=== Task brief ===
Repeat the listing that follows, character for character, minus the pictures.

*** Source material Section Begins ***

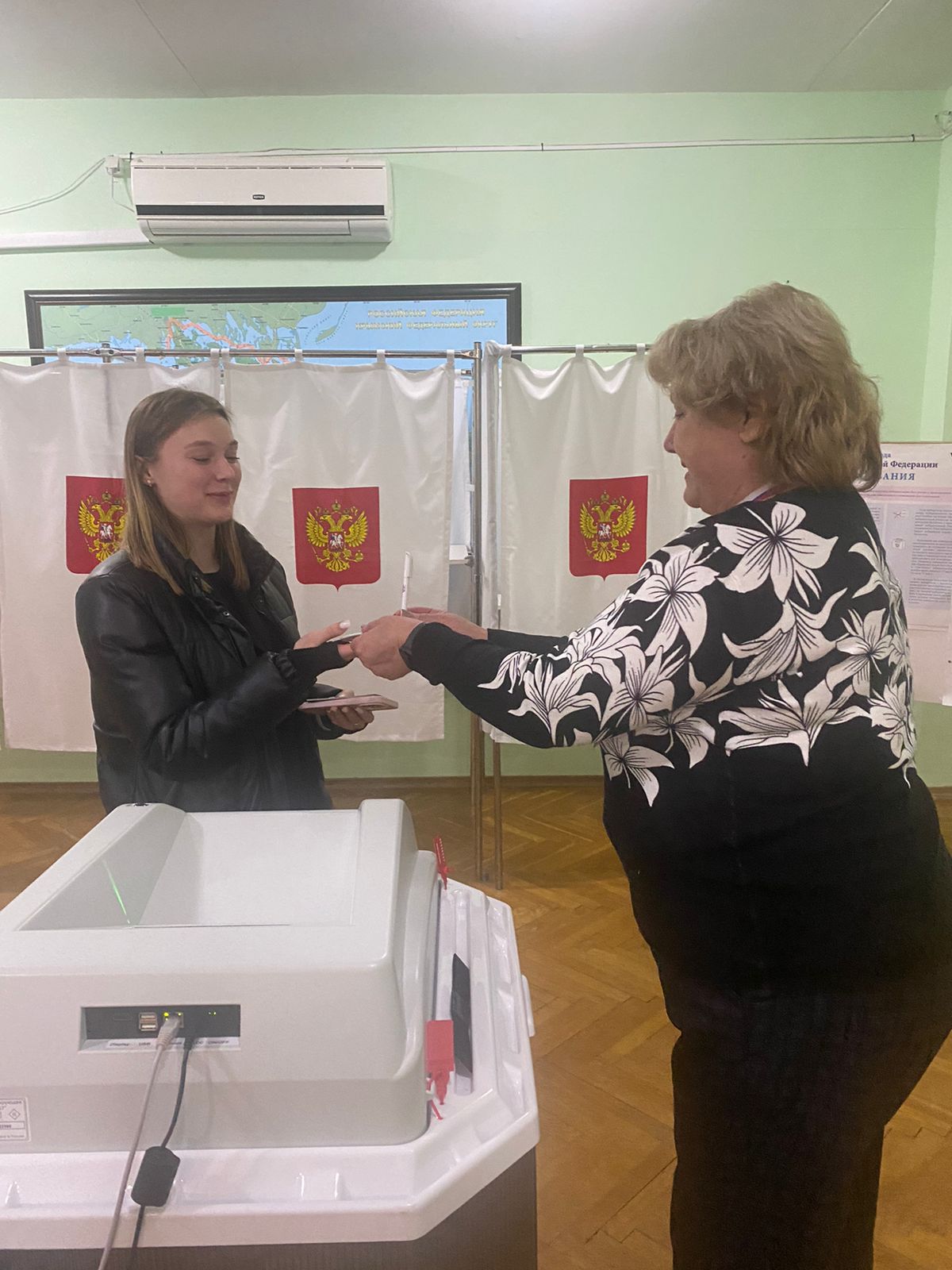Сообщение наблюдателя — УИК №14, Республика Крым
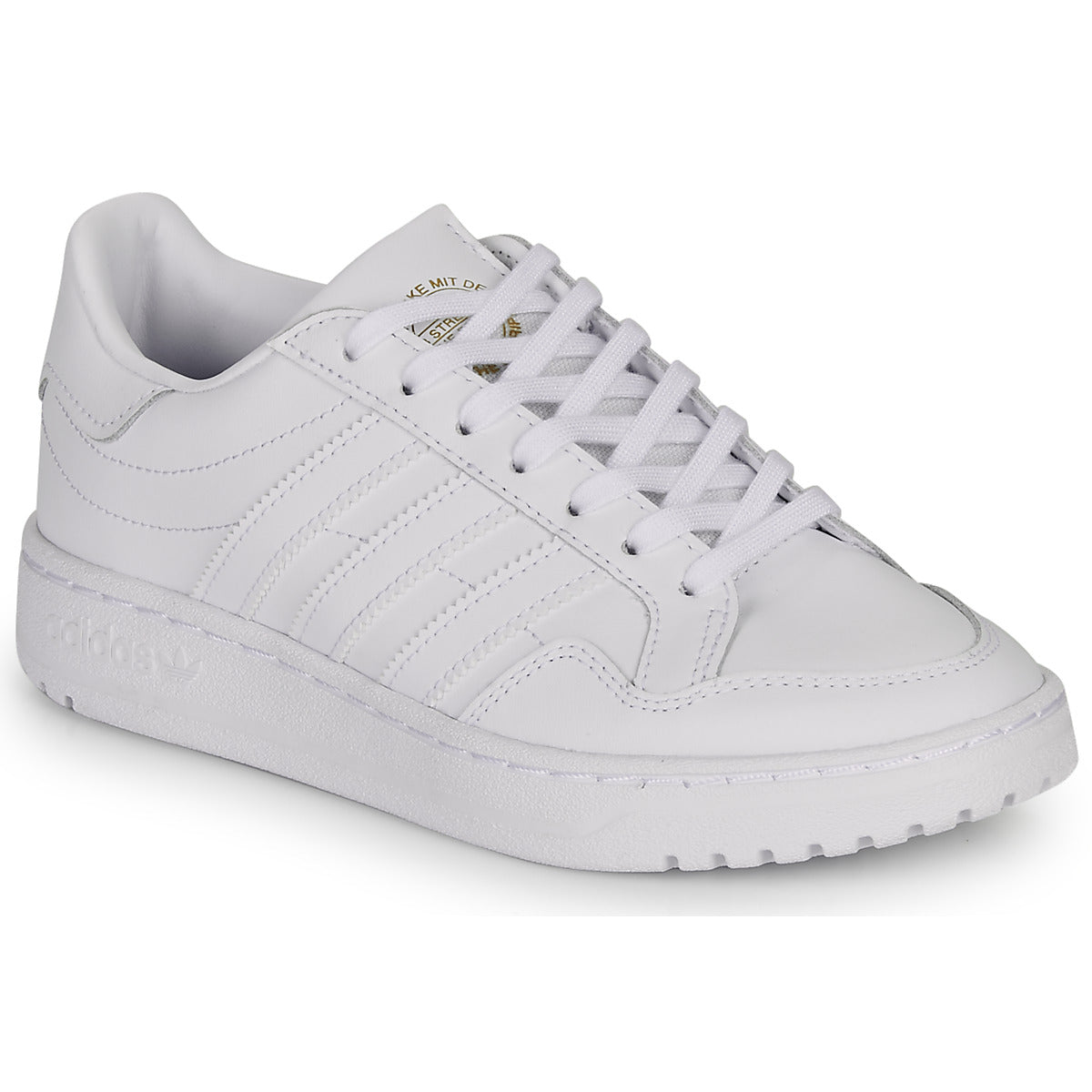 Scarpe bambini ragazzo adidas  Novice J  Bianco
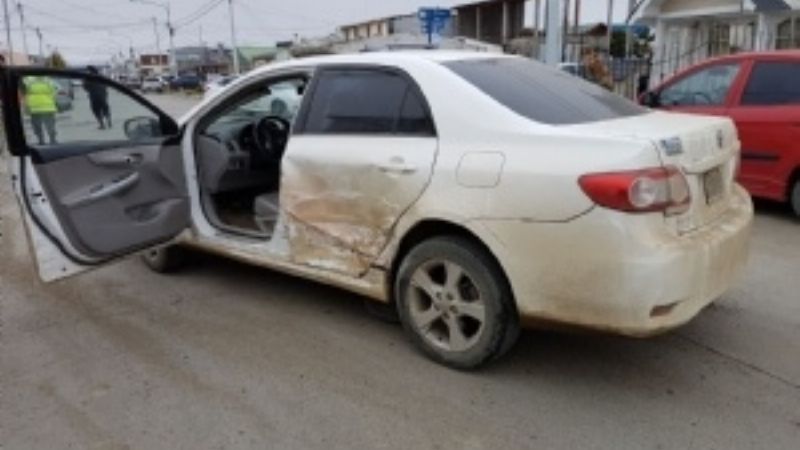 Accidente en Valle Viejo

*** Source material Section Ends ***

=== Final answer ===
Сообщение наблюдателя — УИК №14, Республика Крым
 Scarpe bambini ragazzo adidas  Novice J  Bianco
 Accidente en Valle Viejo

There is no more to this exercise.